Apathetic Atheism vs New Atheism, Ctd

A reader objects to Thomas Wells:

I don’t know what kind of bubble he’s living in, but he’s completely dismissing (or outright missing) the social context of religion. Wells wrote:

I see no more reason to describe myself as an atheist, than as an afairieist, ahomeopathist, etc. To put it another way, my non-belief is apathetic: the nonexistence of God/Gods is a matter of great insignificance to me.

Well, I do see a reason: there are not billions of people who identify as members of “fairieist” or “homeopathist” institutions. Like the other examples in his list – UFOs, crop circles, ghosts – they are regarded by our society as the harmless delusions of an insignificant minority. Religion is categorically different.

I am an atheist, but religion is important to me because it is important to virtually everyone I interact with in my community; because it is important to the people who write my laws and run my country; because the faith-based method of forming beliefs and making decisions affects me and people I care about. There’s no corresponding phenomenon of astrologist families disowning their gay sons and daughters, or Santa Claus extremists flying planes into buildings. Come on.

Another adds:

The “So what?” from that Thomas Wells excerpt angered me, as the reason God’s nonexistence matters more than that of fairies or UFOs is quite clearly the fact that nobody’s trying to legislate based on the latter. But clicking through and reading Wells’ full essay reveals that he addresses that point by distinguishing secularism as a broader (and, to him, more laudable) category than atheism. So, anger abated.

But reading his piece got me thinking about when and why I moved from his casual brand of non-belief to feeling a need to call myself an atheist and to tell others (politely!). I can remember the moment clearly.

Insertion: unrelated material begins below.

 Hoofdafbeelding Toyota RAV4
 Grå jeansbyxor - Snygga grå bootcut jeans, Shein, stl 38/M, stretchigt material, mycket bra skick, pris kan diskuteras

It was a December, early in the Clinton presidency, and I was watching some Xmas special broadcast from D.C. on television. Hillary Clinton was onstage, reciting from a prompter, saying something about her faith in Jesus. Her line reading was so stilted, and her “faith” so transparently part of a political as well as a literal script, I turned to my wife and said, “I’ve never believed in God, but now I’m an atheist.”

In that moment, the dispassionate silence Wells advocates and I’d always practiced struck me as deeply misguided – not because I thought it was my duty to change the mind of anyone who had beliefs I lacked, but because so many of those people took it for granted there was only one way one could or should think about God that expressing faith in Jesus had somehow become a requirement of running our country. For me, saying “I’m an atheist” is an important reminder that believing in God is not a requirement of citizenship.

But a third reader agrees with Wells’ criticism of the New Atheists and offers an analogy:

I deeply dislike soccer. I think it is boring. I think the culture is bizarre and unappealing. I don’t like it every four years when the World Cup gets everyone excited for a couple of weeks; I don’t like it when my friends play FIFA on Xbox; I don’t like it when I watch it with my Latina girlfriend and her family. I didn’t like it when I lived in Amsterdam and my friends would go out to watch Ajax matches. I have tried over and over to give it a chance.

And I just don’t care. I am “asoccer.” Maybe I will give soccer another chance. I mean, spectacle is exciting in general, and I like to think I take interest in my friends’ and family’s interests. And, getting to my point, I will definitely give theism many more chances. But I am without God. I am an atheist. I don’t care.

Mr. Wells’s article spoke to a lot of emotions I have felt about atheism/theism, and, even more so, about the New Atheists. Why do these people so intent on their own atheism spend so much time talking about God? They sound like jilted lovers dishing dirt on how they’re “better off anyway.” Get over it. Move on. These folks have chosen to define themselves in opposition to something, and in the process necessarily must legitimize the very thing they are disowning. It’s just loud madness, and it’s become the face of atheism.

I want to admit to my friends and family that I am an atheist, but the New Atheists are making it harder. They’re contrarians. They’re dickheads. Imagine if I brought up my dislike of soccer to my friends, not just every time soccer came up, but every time sports came up. After the Super Bowl. Every Wiffle ball game. Every time a coworker caught a falling pen.

I don’t know, maybe the analogy is breaking down, but I don’t understand why someone would force themselves to see the world through the very thing they detest. The great thing about not liking soccer is that I don’t have to think about soccer. The great thing about being an atheist is that I don’t have to think about God.

Another steps back:

You know, I’ve seen readers criticize the Dish with statements like “I never read your Sunday posts” because of all the God talk. They should maybe reconsider, because every Sunday you seem to have plenty of atheist talk as well. And I really appreciate both.